The sampling error of an estimate is the error caused by the selection of a sample instead of conducting a census of the population. Sampling error is reduced by selecting a large sample and by using efficient sample design and estimation strategies, such as stratification, optimal allocation, and ratio estimation.
With the use of probability sampling methods in the NHSDA, it is possible to develop estimates of sampling error from the survey data. These estimates have been calculated for all prevalence estimates presented in this report using a Taylor series linearization approach that takes into account the effects of the complex NHSDA design features. The sampling errors are used to identify unreliable estimates and to test for the statistical significance of differences between estimates.
As was done in the past, direct survey estimates considered to be unreliable due to unacceptably large sampling error are not shown in this report and are noted by asterisks (*) in the tables containing such estimates. The criterion used for suppressing all direct survey estimates was based on the relative standard error (RSE), which is defined as the ratio of the standard error over the estimate.
For proportion estimates (p) within the range [0 < p < 1], rates and corresponding estimated number of users were suppressed if
[se(p)/p ÷ -1n( p)] > 0.175 when p < 0.5
or
[se(p)/(1-p)] ÷ -1n(1-p) > 0.175 when p > 0.5.

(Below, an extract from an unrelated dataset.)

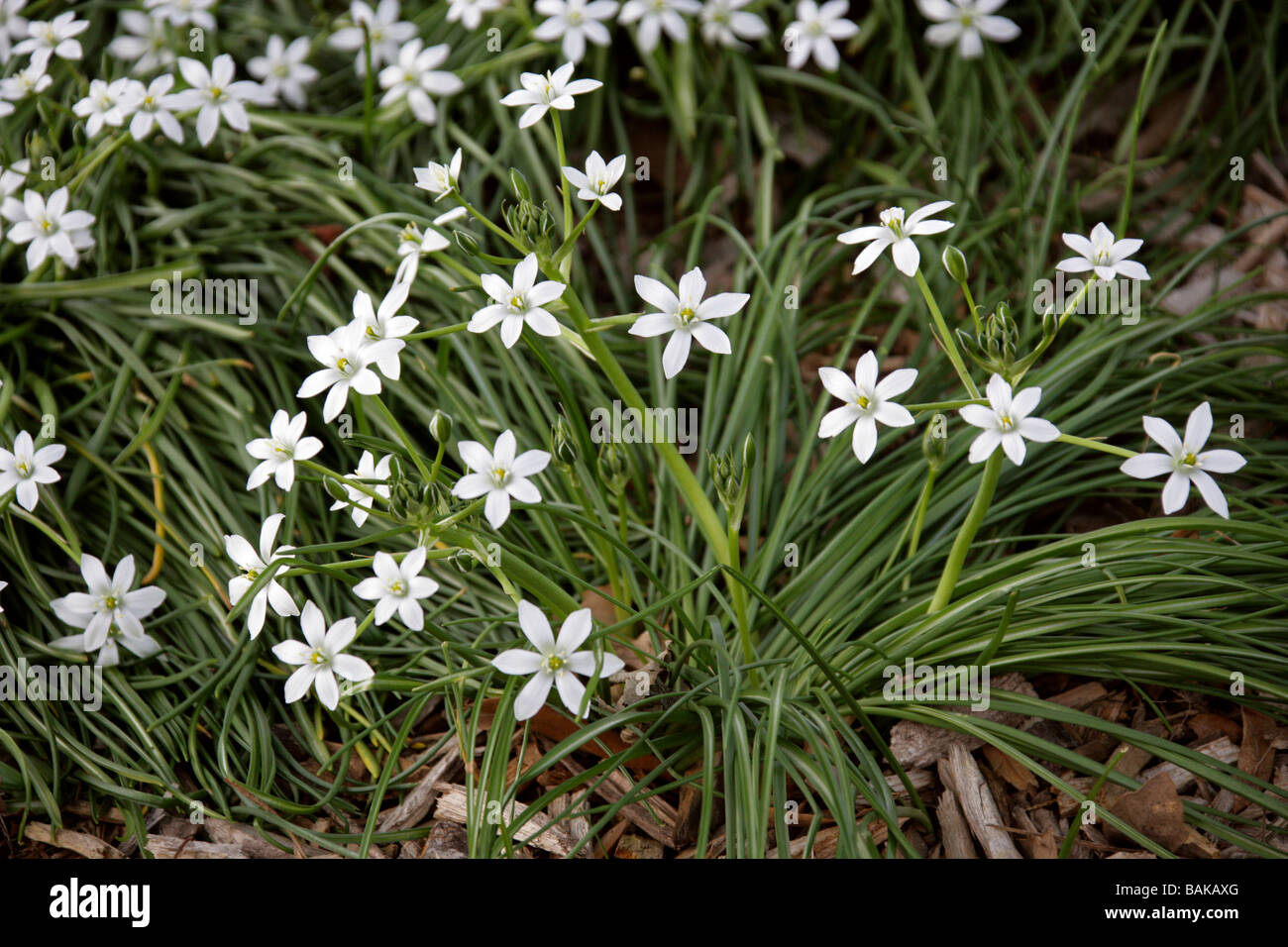 Comune di Stella di Betlemme, Ornithogalum umbellatum, Hyacinthaceae, UK, British selvaggio fiore. Foto Stock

This is an ad hoc rule that requires an effective sample size in excess of 50 when 0.10 < p < 0.90. As (p) approaches 0.00 or 1.00, it requires increasingly larger effective sample sizes. Estimates were also suppressed if they were close to 0 or 100 percent (if p < .00005 or if p > .99995).
For estimates of other totals, and means (not bounded between 0 and 1), estimates were suppressed if
se(p)/p > 0.5.
Additionally, estimates of mean age were suppressed if the sample size was smaller than 10 respondents.

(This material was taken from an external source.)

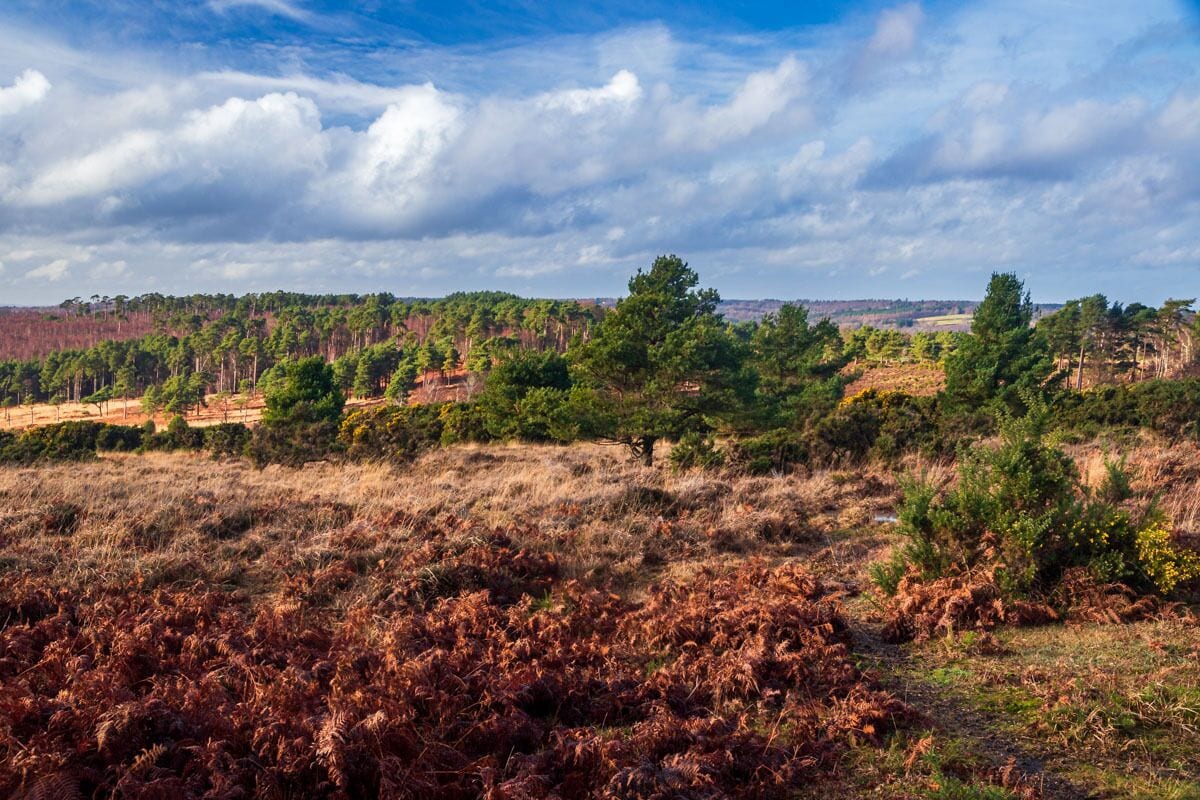 A natural landscape with a variety of vegetation, including trees and shrubs, under a partly cloudy sky.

When making comparisons of estimates for different population subgroups from the same data year, the covariance term, which is usually small and positive, has typically been ignored. This results in somewhat conservative tests of hypotheses that will sometimes fail to establish statistical significance when in fact it exists.
Nonsampling errors occur from nonresponse, coding errors, computer processing errors, errors in the sampling frame, reporting errors, and other errors. Nonsampling errors are reduced through data editing, statistical adjustments for nonresponse, and close monitoring and periodic retraining of interviewers.

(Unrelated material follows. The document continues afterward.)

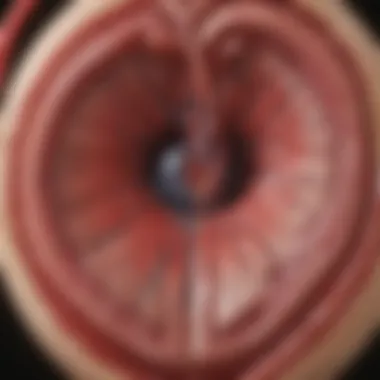 Coronary Artery Disease Assessment Visual representation of coronary artery disease evaluation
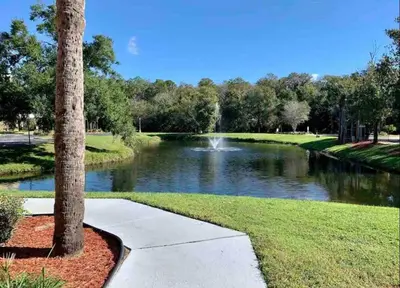 a walkway next to a river with a palm tree at Condo Universal Disney Epic Free Parking in Orlando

Although nonsampling errors can often be much larger than sampling errors, measurement of most nonsampling errors is difficult or impossible. However, some indication of the effects of some types of nonsampling errors can be obtained through proxy measures, such as response rates and from other research studies.
Response rates for the NHSDA were stable for the period from 1994 to 1998, with the screening response rate at about 93 percent and the interview response rate at about 78 percent. Of the 187,842 eligible households sampled for the 1999 NHSDA main study, 169,166 were successfully screened for a weight-adjusted screening response rate of 89.6 percent. In these screened households, a total of 89,883 sample persons were selected, and completed interviews were obtained from 66,706 of these sample persons, for a weighted interview response rate of 68.6 percent. A total of 11,276 (18.0 percent) sample persons were classified as refusals, 5,692 (6.7 percent) were not available or never at home, and 6,209 (6.8 percent) did not participate for various other reasons, such as physical or mental incompetence or language barrier. The response rate was highest among the 12- to 17-year-old age group (78.1 percent). The response rate was 71.2 percent for the 18- to 25-year-old age group and 66.7 percent for adults aged 26 or older.
The increase in nonresponse in the 1999 NHSDA can be attributed primarily to an insufficient number of field interviewers (FIs) and their inexperience. Recruiting and training of FIs were major challenges due to the number required for the large sample and the tight labor market. This resulted in a relatively inexperienced FI staff. There were 2,010 FIs hired and trained, and more than a third of them did not complete the survey year (37.6 percent). Both prior NHSDA experience and on-the-job experience were shown to be related to nonresponse. Previously experienced interviewers and interviewers with one, two, or three quarters of on-the-job experience were more successful at obtaining an interview. The overall nonresponse was also demonstrated to be a product of the combined influences of urbanicity and the age and gender of the respondent. Interviews were completed at a greater rate in rural regions than urban and by younger and female respondents.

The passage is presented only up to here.